Quem for se manifestar, favor dizer o nome completo e a instituição que representa.
Concedo-lhe 2 minutos.
O SR. BOB EVERSON CARVALHO MACHADO - Boa tarde, Deputado Padre João. Agradeço.
Sou Bob Machado, também do SINAIT, e estou na condição de Presidente por este triênio.
O Carlos já adiantou e o próprio Deputado manifestou que houve, por parte do Estado brasileiro, uma política de redução da estrutura estatal para o combate ao trabalho escravo. Isso foi representado pela via orçamentária, com a redução do orçamento da inspeção do trabalho no Brasil.
Todos os anos, nós, representantes do sindicato nacional, fazemos a peregrinação ao Congresso Nacional, junto aos Parlamentares, à CTASP — agora CTRAB — e ao Relator do Orçamento, para que possamos garantir os recursos mínimos para execução da política de Estado de combate ao trabalho escravo.
Deputado, nós vivemos hoje, do ponto de vista da estrutura de pessoal da inspeção do trabalho no Brasil, um momento crítico. Nós temos hoje o menor quadro de auditores fiscais do trabalho dos últimos 30 anos. O Brasil cresceu significativamente nesse período, e a estrutura de Estado para fazer o combate e a coordenação dessa importante política pública, que é a erradicação do trabalho escravo, está absolutamente desmontada pela passagem do tempo.
O nosso último concurso foi em 2013. É preciso urgência, e nós já temos a sinalização do Ministro Marinho de que haverá um concurso para auditor fiscal do trabalho.
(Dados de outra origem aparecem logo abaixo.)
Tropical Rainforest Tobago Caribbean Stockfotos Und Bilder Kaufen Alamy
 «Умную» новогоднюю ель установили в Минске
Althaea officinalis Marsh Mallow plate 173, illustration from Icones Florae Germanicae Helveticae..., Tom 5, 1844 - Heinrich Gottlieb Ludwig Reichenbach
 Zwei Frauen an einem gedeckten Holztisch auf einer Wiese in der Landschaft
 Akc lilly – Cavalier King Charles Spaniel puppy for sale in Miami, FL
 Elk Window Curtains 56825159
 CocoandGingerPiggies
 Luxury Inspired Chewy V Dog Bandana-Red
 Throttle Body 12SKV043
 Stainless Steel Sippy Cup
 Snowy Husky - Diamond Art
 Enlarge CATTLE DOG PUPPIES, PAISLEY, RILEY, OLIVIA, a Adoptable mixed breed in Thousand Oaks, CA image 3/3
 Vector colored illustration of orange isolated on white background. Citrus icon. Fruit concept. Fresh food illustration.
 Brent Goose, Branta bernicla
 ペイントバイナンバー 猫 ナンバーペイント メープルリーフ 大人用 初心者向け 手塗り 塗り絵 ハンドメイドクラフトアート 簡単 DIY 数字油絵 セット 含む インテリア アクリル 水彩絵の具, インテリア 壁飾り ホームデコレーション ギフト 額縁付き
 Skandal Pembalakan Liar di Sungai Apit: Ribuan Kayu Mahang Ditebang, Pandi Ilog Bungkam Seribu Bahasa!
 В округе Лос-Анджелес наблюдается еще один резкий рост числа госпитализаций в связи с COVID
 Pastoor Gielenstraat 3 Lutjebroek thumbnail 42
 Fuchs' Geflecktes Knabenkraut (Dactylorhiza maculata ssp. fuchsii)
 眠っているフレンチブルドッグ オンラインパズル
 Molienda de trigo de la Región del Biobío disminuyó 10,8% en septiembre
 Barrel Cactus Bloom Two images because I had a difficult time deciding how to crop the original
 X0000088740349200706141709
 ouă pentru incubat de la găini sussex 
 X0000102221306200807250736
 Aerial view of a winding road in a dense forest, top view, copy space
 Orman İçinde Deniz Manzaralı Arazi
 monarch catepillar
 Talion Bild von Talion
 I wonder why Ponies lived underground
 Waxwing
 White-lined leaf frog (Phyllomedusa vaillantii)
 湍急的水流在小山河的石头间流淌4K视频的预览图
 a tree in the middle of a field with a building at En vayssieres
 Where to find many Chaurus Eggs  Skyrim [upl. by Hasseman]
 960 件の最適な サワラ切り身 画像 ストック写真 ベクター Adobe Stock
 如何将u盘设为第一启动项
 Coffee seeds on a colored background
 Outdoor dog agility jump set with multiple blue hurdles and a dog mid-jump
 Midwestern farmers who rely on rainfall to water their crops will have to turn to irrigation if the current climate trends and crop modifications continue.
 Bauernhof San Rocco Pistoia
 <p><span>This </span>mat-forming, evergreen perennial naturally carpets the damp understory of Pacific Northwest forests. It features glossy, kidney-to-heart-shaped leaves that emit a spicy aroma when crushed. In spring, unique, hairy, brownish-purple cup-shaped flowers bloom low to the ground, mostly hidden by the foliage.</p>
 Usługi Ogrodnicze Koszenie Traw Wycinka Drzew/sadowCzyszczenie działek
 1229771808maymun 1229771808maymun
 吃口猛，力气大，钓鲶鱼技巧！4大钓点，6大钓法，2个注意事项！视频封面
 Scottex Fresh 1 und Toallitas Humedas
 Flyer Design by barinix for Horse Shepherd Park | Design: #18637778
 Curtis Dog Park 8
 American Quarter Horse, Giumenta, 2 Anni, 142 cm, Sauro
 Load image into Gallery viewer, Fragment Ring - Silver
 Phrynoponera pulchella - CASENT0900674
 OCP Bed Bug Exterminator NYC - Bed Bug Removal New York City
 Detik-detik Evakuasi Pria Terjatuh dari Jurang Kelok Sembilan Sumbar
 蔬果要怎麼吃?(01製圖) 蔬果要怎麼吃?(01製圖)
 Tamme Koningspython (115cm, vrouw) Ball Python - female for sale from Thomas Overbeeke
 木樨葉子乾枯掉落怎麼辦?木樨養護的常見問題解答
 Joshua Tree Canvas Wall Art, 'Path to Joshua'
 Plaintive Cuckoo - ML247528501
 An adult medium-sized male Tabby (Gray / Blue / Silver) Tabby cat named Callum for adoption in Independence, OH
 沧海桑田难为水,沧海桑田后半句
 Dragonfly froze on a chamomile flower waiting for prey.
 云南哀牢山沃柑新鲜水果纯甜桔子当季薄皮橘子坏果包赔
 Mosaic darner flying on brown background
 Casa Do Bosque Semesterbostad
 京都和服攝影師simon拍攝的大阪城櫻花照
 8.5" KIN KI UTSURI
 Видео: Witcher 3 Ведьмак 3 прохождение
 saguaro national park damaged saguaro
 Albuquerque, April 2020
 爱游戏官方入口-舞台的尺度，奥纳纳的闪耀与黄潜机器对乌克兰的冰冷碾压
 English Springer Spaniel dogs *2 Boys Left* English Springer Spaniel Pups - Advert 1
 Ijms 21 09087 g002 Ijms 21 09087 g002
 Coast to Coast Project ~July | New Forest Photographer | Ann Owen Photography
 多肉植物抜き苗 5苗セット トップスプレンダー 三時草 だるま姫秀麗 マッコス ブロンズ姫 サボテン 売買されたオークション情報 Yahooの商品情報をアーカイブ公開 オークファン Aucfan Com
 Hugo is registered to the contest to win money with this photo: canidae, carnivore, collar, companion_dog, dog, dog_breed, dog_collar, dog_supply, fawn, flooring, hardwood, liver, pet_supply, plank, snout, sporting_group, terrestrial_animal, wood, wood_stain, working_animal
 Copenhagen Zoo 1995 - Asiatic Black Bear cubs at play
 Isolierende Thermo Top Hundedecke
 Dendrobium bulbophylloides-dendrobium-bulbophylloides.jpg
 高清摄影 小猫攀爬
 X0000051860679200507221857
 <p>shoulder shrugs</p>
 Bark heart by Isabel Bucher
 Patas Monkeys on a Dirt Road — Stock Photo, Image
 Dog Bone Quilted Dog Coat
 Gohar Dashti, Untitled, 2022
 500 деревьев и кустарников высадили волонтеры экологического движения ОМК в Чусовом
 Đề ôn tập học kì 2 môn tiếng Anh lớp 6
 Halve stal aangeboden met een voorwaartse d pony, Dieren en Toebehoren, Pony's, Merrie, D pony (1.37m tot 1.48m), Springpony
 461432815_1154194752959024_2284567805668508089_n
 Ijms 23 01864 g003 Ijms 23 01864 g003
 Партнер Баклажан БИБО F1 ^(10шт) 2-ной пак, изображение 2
Mas, além disso, é importante a manifestação desta Casa, para que nós tenhamos o maior concurso da história da inspeção do trabalho, porque temos hoje quase 50% dos cargos de auditor fiscal do trabalho vagos.
Não há como se falar em aplicação da política de combate ao trabalho escravo sem falar dos auditores fiscais do trabalho, que coordenam os grupos móveis, que acolhem as denúncias recebidas de toda ordem, por exemplo, do Ministério Público, dos sindicatos, da pastoral, ou seja, toda a sociedade encaminha a essas autoridades as denúncias de trabalho escravo.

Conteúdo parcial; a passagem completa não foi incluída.